▶ _EXERCISE_: Word for word, restate the lines of the listing from the one that holds "Attention Spartans! Today" through the very last line, and nothing more.
>>>
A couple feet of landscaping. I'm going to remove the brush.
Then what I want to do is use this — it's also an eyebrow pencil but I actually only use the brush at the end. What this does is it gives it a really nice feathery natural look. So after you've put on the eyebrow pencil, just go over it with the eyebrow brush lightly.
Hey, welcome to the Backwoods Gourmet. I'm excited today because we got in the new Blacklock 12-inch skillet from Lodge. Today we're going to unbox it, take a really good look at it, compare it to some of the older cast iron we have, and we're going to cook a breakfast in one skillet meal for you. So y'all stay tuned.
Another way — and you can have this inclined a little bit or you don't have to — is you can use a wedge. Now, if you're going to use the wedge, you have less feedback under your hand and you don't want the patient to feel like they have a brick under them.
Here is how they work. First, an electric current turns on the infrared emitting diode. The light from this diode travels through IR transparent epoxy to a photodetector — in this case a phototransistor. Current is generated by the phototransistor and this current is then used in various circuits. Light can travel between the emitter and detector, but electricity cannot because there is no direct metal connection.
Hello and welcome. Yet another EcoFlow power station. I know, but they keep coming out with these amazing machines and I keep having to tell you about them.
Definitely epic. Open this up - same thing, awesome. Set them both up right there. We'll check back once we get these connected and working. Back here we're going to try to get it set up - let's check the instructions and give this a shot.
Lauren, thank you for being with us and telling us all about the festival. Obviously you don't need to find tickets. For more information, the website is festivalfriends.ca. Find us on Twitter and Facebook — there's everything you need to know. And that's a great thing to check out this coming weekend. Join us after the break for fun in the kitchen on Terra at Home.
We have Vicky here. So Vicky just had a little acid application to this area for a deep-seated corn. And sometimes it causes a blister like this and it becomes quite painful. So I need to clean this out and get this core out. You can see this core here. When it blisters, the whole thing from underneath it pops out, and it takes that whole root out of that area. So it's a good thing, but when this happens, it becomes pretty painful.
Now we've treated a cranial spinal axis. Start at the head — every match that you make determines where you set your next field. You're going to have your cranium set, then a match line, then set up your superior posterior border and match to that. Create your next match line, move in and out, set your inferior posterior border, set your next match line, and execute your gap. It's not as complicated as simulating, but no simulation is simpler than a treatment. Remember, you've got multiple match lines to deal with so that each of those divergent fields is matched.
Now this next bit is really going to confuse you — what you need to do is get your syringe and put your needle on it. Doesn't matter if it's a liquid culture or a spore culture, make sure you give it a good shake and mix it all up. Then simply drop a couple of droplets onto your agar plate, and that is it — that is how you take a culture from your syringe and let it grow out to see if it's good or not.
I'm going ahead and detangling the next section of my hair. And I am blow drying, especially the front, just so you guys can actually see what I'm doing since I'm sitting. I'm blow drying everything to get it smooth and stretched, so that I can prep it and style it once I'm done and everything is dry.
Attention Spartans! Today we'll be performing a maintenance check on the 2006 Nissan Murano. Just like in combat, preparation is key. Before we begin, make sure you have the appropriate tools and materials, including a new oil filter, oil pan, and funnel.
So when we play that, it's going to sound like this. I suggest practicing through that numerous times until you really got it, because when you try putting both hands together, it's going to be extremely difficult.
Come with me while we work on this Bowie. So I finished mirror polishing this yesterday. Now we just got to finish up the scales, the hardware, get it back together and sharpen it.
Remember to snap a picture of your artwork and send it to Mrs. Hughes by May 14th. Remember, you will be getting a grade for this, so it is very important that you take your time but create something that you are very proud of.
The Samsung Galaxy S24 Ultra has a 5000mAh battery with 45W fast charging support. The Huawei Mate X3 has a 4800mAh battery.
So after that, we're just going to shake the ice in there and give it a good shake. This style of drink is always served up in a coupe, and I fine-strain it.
<<<
▶ _TASK RESULT_:
Attention Spartans! Today we'll be performing a maintenance check on the 2006 Nissan Murano. Just like in combat, preparation is key. Before we begin, make sure you have the appropriate tools and materials, including a new oil filter, oil pan, and funnel.
So when we play that, it's going to sound like this. I suggest practicing through that numerous times until you really got it, because when you try putting both hands together, it's going to be extremely difficult.
Come with me while we work on this Bowie. So I finished mirror polishing this yesterday. Now we just got to finish up the scales, the hardware, get it back together and sharpen it.
Remember to snap a picture of your artwork and send it to Mrs. Hughes by May 14th. Remember, you will be getting a grade for this, so it is very important that you take your time but create something that you are very proud of.
The Samsung Galaxy S24 Ultra has a 5000mAh battery with 45W fast charging support. The Huawei Mate X3 has a 4800mAh battery.
So after that, we're just going to shake the ice in there and give it a good shake. This style of drink is always served up in a coupe, and I fine-strain it.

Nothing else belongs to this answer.